OBJECTIVE: Radiation esophagitis (RE) is common in patients treated with radiotherapy (RT) for locally advanced esophageal squamous cell carcinoma (ESCC). We aim to construct a nomogram predicting the severe RE (grade ≥2) in patients with ESCC receiving definitive chemoradiotherapy (dCRT). MATERIALS AND METHODS: Logistic regression was performed to evaluate the risk factors in predicting RE. Nomogram was built based on the multivariate analysis result. The model was validated using the area under the receiver operating curve (ROC) curve (AUC), calibration curves, and decision curve analyses (DCA). Spearman correlation analysis was used to evaluate the correlation between inflammation indexes. RESULTS: A total of 547 patients with stage II-IVA ESCC treated with dCRT from the retrospective study were included. Two hundred and thirty-two of 547 patients (42.4%) developed grade ≥2 RE. Univariate analysis indicated that gender (p = 0.090), RT dose (p < 0.001), targeted therapy (p = 0.047), tumor thickness (p = 0.013), lymphocyte-monocyte ratio (LMR, p = 0.016), neutrophil-lymphocyte ratio (NLR, p < 0.001), and platelet-lymphocyte ratio (PLR, p < 0.001) were the significant factors for a higher incidence of RE. In multivariate analysis, RT dose [p < 0.001; odds ratio (OR), 4.680; 95% confidence interval (CI), 2.841-6.709], NLR (p < 0.001; OR, 0.384; 95% CI, 0.239-0.619), and PLR (p < 0.001; OR, 3.539; 95% CI: 2.226-5.626) were independently associated grade ≥2 RE and were involved in the nomogram. ROC curves showed the AUC of the nomogram was 0.714 (95% CI, 0.670-0.757), which was greater than each factor alone (RT dose: 0.615; NLR: 0.596; PLR: 0.590).
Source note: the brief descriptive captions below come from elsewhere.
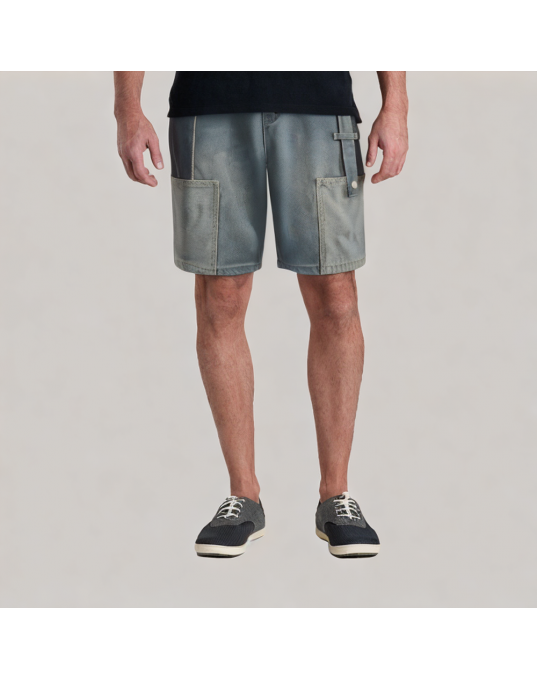 Patchwork Pockets Contrasting Denim Shorts 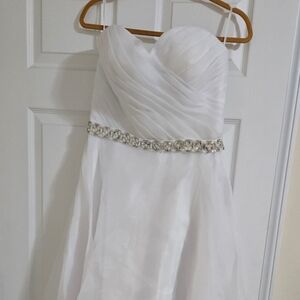 Elegant White Aline  Dress with Embellished Waist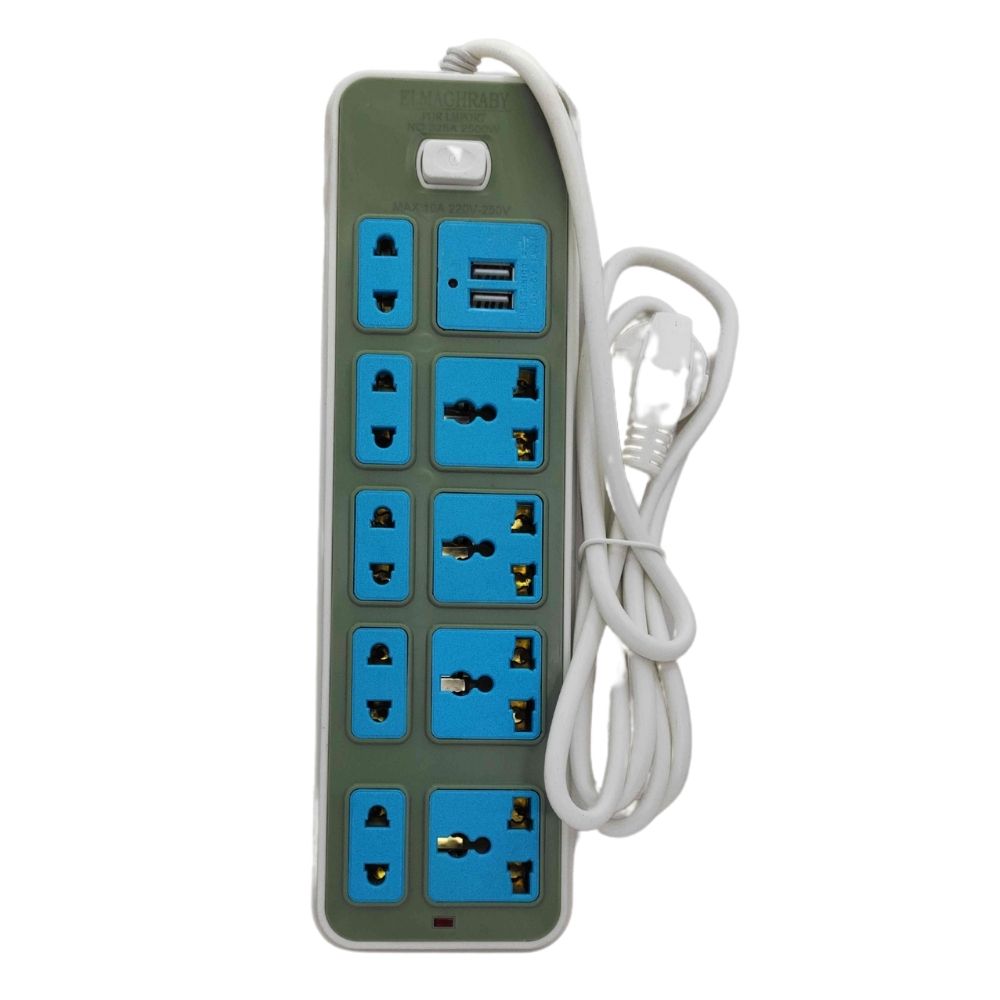 GENERIC - 9 PORTS POWER STRIP + 2 USB PORTS (240 V)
Calibration curves showed good consistency between the actual observation and the predicted RE. DCA showed satisfactory positive net benefits of the nomogram among most threshold probabilities. CONCLUSIONS: The study demonstrated that RT dose, NLR, and PLR were independent risk factors for grade ≥2 RE in patients with locally advanced ESCC receiving dCRT. A predictive model including all these factors was built and performed better than it based on each separately. Further validation in large patient populations is still warranted.